Forget Less, Retain More: A Lightweight Regularizer for Rehearsal-Based Continual Learning
Lama Alssum, Hasan Abed Al Kader Hammoud, Motasem Alfarra, Juan C Leon Alcazar, Bernard Ghanem
TL;DR
Catastrophic forgetting in continual learning is exacerbated in memory-intensive rehearsal methods. The authors propose Information Maximization (IM), a lightweight, class-agnostic regularizer that operates on prediction distributions and can be wrapped around any rehearsal-based CL method to improve retention without substantial overhead. They systematically compare IM against EWC, SI, and EM, and show robust improvements across image benchmarks (Split-CIFAR100, Split-Tiny ImageNet) and extend the evaluation to video continual learning, including ablations on compute budget, task count, and regularization targets. The results demonstrate consistent accuracy gains and reduced forgetting, highlighting IM's practical value for memory-constrained, real-world CL scenarios in both image and video domains.
Abstract
Deep neural networks suffer from catastrophic forgetting, where performance on previous tasks degrades after training on a new task. This issue arises due to the model's tendency to overwrite previously acquired knowledge with new information. We present a novel approach to address this challenge, focusing on the intersection of memory-based methods and regularization approaches. We formulate a regularization strategy, termed Information Maximization (IM) regularizer, for memory-based continual learning methods, which is based exclusively on the expected label distribution, thus making it class-agnostic. As a consequence, IM regularizer can be directly integrated into various rehearsal-based continual learning methods, reducing forgetting and favoring faster convergence.

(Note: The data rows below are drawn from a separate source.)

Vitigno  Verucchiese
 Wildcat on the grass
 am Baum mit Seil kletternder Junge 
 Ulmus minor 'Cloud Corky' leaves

Our empirical validation shows that, across datasets and regardless of the number of tasks, our proposed regularization strategy consistently improves baseline performance at the expense of a minimal computational overhead. The lightweight nature of IM ensures that it remains a practical and scalable solution, making it applicable to real-world continual learning scenarios where efficiency is paramount. Finally, we demonstrate the data-agnostic nature of our regularizer by applying it to video data, which presents additional challenges due to its temporal structure and higher memory requirements. Despite the significant domain gap, our experiments show that IM regularizer also improves the performance of video continual learning methods.